Scan the records for "gifts". Show the matching lines.

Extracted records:
________________________
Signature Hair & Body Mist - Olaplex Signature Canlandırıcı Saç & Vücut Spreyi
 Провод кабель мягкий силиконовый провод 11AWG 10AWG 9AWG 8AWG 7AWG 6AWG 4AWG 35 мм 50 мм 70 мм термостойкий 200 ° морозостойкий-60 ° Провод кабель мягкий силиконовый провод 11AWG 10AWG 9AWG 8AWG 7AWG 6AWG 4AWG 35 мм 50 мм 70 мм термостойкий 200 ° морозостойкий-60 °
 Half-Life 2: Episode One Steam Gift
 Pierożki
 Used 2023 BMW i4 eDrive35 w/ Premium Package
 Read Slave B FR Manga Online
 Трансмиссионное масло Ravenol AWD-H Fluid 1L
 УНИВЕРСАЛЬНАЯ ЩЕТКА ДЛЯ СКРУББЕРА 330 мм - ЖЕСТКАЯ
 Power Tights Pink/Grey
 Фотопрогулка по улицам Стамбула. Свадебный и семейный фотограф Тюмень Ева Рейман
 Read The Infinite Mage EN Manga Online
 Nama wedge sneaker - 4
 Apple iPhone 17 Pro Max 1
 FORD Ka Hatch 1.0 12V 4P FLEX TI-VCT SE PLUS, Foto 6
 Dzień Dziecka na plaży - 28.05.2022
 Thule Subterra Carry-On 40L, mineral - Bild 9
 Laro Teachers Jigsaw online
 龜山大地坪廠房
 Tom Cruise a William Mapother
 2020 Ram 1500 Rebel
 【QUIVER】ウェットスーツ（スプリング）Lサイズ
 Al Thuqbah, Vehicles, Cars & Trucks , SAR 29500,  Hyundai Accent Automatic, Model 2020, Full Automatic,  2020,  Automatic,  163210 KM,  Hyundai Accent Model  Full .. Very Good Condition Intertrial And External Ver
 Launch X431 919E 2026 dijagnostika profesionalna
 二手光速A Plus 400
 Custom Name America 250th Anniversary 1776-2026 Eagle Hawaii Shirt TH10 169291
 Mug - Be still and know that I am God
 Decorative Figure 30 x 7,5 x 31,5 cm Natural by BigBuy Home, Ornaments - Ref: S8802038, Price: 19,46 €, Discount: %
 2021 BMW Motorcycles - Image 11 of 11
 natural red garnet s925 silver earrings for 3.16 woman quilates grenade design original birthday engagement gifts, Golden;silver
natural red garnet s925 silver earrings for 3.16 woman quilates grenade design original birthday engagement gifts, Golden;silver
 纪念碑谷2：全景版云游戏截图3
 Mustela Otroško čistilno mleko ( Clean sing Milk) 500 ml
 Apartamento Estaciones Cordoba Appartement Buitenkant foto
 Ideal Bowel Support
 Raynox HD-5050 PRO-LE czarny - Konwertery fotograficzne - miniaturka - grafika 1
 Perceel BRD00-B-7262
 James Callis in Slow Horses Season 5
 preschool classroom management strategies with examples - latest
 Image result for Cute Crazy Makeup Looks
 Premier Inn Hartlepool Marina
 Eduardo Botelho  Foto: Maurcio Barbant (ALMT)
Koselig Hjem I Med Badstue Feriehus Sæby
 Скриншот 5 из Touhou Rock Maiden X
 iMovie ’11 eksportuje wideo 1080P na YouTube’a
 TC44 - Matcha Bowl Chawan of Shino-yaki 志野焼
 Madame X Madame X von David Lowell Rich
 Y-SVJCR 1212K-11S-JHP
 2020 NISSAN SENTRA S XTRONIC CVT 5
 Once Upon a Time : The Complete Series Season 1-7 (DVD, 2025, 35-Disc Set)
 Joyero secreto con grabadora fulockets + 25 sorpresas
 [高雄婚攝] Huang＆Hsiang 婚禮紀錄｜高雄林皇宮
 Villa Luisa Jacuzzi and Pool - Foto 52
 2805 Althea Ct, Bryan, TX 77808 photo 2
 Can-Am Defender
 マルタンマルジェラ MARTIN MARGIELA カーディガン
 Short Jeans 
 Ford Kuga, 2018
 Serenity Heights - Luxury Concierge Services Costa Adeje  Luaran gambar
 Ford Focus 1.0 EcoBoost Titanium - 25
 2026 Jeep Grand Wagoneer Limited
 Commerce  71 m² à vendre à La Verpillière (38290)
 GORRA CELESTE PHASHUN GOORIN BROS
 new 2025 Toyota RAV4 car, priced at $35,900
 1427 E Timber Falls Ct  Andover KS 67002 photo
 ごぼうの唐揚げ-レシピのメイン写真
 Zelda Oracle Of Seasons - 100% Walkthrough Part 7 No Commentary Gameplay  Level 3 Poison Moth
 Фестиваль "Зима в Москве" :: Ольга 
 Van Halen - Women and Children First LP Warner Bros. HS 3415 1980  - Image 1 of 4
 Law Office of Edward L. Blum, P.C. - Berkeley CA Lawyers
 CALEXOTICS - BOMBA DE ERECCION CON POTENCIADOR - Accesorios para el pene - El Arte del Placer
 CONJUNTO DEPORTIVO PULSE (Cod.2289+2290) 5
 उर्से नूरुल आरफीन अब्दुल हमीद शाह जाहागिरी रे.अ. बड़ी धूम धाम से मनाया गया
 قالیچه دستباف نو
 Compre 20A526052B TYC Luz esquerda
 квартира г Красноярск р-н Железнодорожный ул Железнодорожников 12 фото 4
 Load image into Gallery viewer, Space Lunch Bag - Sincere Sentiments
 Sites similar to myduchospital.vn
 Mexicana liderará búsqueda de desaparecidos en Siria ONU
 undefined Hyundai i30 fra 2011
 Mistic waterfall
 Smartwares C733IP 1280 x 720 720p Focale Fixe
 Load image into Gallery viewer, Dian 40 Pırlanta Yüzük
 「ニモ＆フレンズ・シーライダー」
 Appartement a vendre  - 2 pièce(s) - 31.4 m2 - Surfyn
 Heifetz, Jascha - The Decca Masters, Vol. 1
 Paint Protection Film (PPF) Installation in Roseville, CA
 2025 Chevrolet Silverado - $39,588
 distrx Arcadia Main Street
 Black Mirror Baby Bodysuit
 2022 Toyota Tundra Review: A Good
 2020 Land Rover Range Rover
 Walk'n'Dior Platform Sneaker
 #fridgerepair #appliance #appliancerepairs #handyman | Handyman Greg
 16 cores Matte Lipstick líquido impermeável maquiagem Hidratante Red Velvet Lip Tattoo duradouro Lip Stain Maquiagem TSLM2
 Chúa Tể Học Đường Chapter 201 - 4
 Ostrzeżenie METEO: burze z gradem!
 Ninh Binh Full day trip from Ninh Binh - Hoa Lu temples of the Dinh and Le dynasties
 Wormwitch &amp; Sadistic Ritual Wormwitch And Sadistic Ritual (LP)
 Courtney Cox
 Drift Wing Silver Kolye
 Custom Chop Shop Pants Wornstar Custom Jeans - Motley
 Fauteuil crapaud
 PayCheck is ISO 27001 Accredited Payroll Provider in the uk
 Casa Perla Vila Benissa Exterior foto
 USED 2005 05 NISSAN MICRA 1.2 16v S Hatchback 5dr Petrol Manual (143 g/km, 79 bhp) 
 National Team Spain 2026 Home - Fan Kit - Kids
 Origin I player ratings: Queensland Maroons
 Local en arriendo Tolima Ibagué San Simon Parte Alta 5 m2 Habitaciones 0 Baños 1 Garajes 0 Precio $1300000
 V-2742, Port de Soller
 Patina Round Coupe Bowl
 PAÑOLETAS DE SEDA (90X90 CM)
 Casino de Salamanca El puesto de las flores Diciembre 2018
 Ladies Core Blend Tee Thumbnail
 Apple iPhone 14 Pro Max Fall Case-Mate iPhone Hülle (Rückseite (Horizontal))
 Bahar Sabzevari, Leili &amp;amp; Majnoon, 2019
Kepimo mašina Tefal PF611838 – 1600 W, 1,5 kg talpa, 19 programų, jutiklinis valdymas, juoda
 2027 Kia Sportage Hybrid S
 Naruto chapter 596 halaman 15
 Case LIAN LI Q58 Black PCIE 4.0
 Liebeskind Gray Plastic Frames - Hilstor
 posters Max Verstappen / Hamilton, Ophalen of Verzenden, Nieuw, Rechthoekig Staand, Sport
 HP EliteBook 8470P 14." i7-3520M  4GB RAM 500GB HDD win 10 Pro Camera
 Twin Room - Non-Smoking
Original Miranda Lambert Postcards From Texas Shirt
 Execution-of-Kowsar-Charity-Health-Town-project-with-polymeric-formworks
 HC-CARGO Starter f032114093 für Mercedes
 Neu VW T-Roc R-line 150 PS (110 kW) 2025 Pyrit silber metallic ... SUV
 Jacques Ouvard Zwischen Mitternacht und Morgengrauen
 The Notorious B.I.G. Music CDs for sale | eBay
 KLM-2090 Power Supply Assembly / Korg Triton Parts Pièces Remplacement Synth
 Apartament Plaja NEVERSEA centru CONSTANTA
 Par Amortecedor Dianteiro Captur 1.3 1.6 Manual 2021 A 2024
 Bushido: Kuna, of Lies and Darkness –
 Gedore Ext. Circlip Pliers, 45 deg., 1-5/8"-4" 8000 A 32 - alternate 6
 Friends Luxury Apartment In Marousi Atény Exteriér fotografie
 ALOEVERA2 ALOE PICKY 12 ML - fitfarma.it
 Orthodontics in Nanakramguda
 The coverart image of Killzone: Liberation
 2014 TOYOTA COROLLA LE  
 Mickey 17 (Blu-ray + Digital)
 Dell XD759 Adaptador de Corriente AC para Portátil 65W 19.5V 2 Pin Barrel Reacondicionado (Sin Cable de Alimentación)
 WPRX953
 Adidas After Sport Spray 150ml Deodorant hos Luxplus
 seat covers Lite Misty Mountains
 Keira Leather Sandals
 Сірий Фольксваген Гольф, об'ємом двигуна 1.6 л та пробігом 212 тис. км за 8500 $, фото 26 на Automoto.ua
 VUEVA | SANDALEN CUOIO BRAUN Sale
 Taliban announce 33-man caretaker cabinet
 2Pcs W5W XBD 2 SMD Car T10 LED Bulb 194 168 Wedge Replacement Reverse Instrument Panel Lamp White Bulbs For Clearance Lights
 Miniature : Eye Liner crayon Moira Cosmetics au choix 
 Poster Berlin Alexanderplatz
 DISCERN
________________________
▶ [Exercise answer]:
 natural red garnet s925 silver earrings for 3.16 woman quilates grenade design original birthday engagement gifts, Golden;silver
natural red garnet s925 silver earrings for 3.16 woman quilates grenade design original birthday engagement gifts, Golden;silver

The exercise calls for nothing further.